TABLE-US-00050 Seq. 50: CCTTGCAGTGAACCCTTTGTAT

[0094] Referring back to FIGS. 1, 2 and 3, by way of example, the biomolecular characteristic identification method in accordance with the preferred embodiment of the present invention includes: automatically, semi-automatically or manually transmitting the identification result 40 to a device (e.g., computer display device, mobile communication device or other devices) for displaying a correct source of original aquatic strain or product or an incorrect source of original aquatic strain or product.

[0095] FIG. 4 is a schematic block diagram of an exogenous biomolecular tracing system applied in the biomolecular characteristic identification method and system thereof for Taiwan Tilapia strains in accordance with a preferred embodiment of the present invention. Turning now to FIG. 4, an exogenous biomolecular tracing system in accordance with the preferred embodiment of the present invention includes a plurality of feature sequence markers 11, a basic material 12, a plurality of Taiwan Tilapia organisms (exogenous aquatic creatures or products) 2 and at least one primer pair 30.
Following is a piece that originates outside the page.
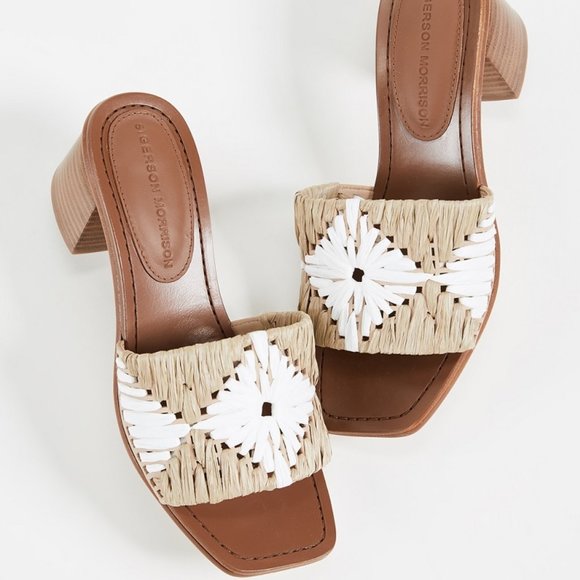 NWT $128 *NEW* Sigerson Morrison Marnin Block Heel - Picture 2 of 14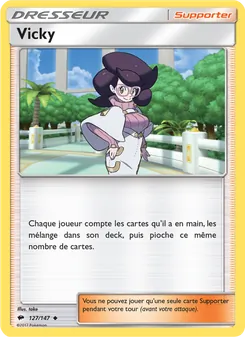Vicky 127/147 Ombres Ardentes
[0096] FIG. 5 is a flow chart of an exogenous biomolecular tracing system applied in the biomolecular characteristic identification method and system thereof for Taiwan Tilapia strains in accordance with a preferred embodiment of the present invention. Turning now to FIGS. 4 and 5, the exogenous biomolecular tracing method in accordance with the preferred embodiment of the present invention includes the step S1a: automatically, semi-automatically or manually extracting the feature sequence marker 11 from a marker source organism 10 with the extraction device 1.

[0097] With continued reference to FIGS. 4 and 5, by way of example, the feature sequence marker (nucleotide marker) 11 can be selected from a DNA extract, a DNA extract liquid, a DNA extract powder (e.g., freeze-dried powder), a DNA extract-related material or combinations thereof.

[0098] Still referring to FIGS. 4 and 5, by way of example, the exogenous biomolecular tracing method in accordance with the preferred embodiment of the present invention includes the step S2a: automatically, semi-automatically or manually combining the basic material 12 with the feature sequence marker 11 in an auto-device (i.e., feeder device, stirrer device or combination thereof) to form a nucleotide marker-contained material.

[0099] Still referring to FIGS. 4 and 5, by way of example, the exogenous biomolecular tracing method in accordance with the preferred embodiment of the present invention includes the step S3a: exogenously combining the nucleotide marker-contained material with the Taiwan Tilapia organisms 2 in an auto-device (i.e., feed-supplying device, dipping device, painting device, sprayer device or combinations thereof) to form an exogenously-marked Taiwan Tilapia organism.

[0100] Still referring to FIGS. 4 and 5, by way of example, exogenously combining the nucleotide marker-contained material with the Taiwan Tilapia organisms 2 includes a feeding process, a dipping process, a painting process, a spraying process or combinations thereof. In another embodiment, by way of example, the nucleotide marker-contained material can be selectively formed as an oral vaccine or a vaccine product.

[0101] Still referring to FIGS. 4 and 5, by way of example, the exogenous biomolecular tracing method in accordance with the preferred embodiment of the present invention includes the step S4a: automatically, semi-automatically or manually identifying a DNA sample received from the exogenously-marked Taiwan Tilapia organism (e.g., aquatic creature or aquatic product) with at least one primer pair 30 in an exogenous biomolecular tracing procedure with the DNA testing device 3 to obtain an exogenously-marked identification result 4.

[0102] Although the invention has been described in detail with reference to its presently preferred embodiment, it will be understood by one of ordinary skills in the art that various modifications can be made without departing from the spirit and the scope of the invention, as set forth in the appended claims.